Exhibit 10(b)
EMPLOYMENT
AGREEMENT
THIS EMPLOYMENT AGREEMENT (the
“Agreement”) dated as of January 10, 2002, between
First Century Bankshares, Inc. (the “Company”), and
Byron K. Satterfield (the “Executive”),
provides:
1. Employment and
Term.
(a) The Company shall employ the
Executive part-time to perform for First Century Bank, National
Association (the “Bank”) various banking services
similar and related to those he has performed heretofore with the
title and duties set forth in Section 2 below beginning on the date
set forth above and continuing through April 1, 2004, subject to
Section 1(c) below (the “Term”).
(b) Subject to Section 1(c) below,
beginning on April 2, 2004 and continuing until April 1, 2009 (the
“Consulting Period”), the Company shall retain
Executive part-time as a consultant for the Bank performing tasks
as set forth in Section 2(c) below.
(c) Notwithstanding the foregoing,
the Term or Consulting Period shall be immediately terminated by
the first to occur of the following: (i) Executive’s death,
(ii) resignation by Executive, (iii) fraudulent or criminal conduct
of a material nature by Executive, (iv) Executive’s wilful
material malfeasance or material neglect of duties assigned by the
Bank, provided such willful malfeasance or neglect is not cured by
Executive within seven (7) days after written notice thereof by the
Company, (v) Executive moving his primary domicile outside of the
Bluefield, West Virginia area (vi) failure by Executive to support
Bank’s or Company’s strategic plans or any other
management policies after such plans or policies have been approved
by the Bank’s or Company’s Board of Directors as
appropriate, or (vii) the incapacity of Executive by reason of a
physical or mental condition that prevents Executive from
performing his duties as set forth herein for either (a) a period
of 180 consecutive days or (b) a total of 180 days out of any
360-day period.

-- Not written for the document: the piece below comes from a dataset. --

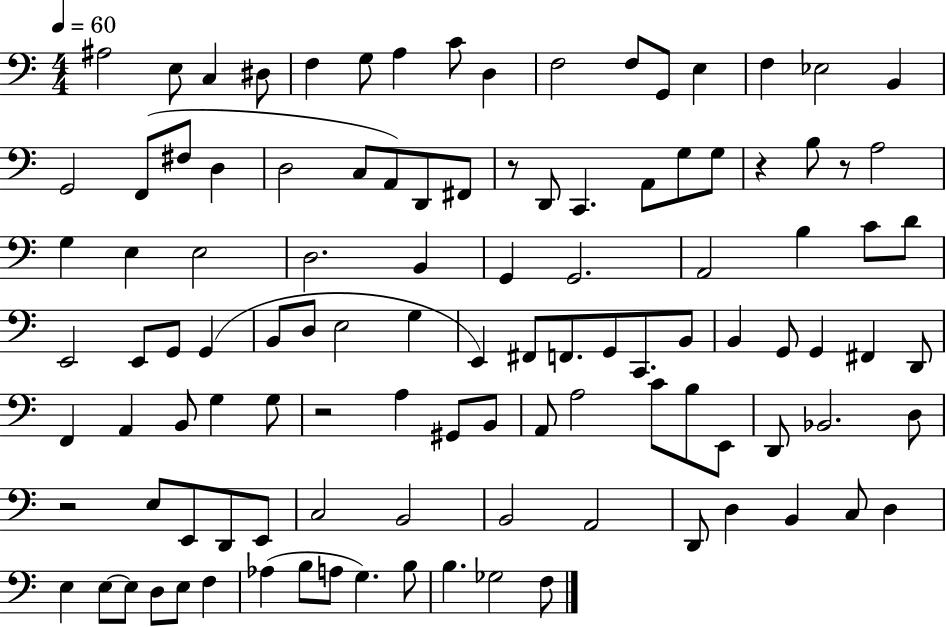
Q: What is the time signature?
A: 4/4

To the extent the parties may disagree as to the
nature and/or extent of whether Executive is incapacitated by a
physical or mental condition as set forth above, the parties shall
defer to the opinion of a physician selected by mutual agreement of
the Bank and Executive or Executive’s guardian, as the case
may be.
(d) In the event the Term or the
Consulting Period shall be terminated under subsections (c)(ii-vi)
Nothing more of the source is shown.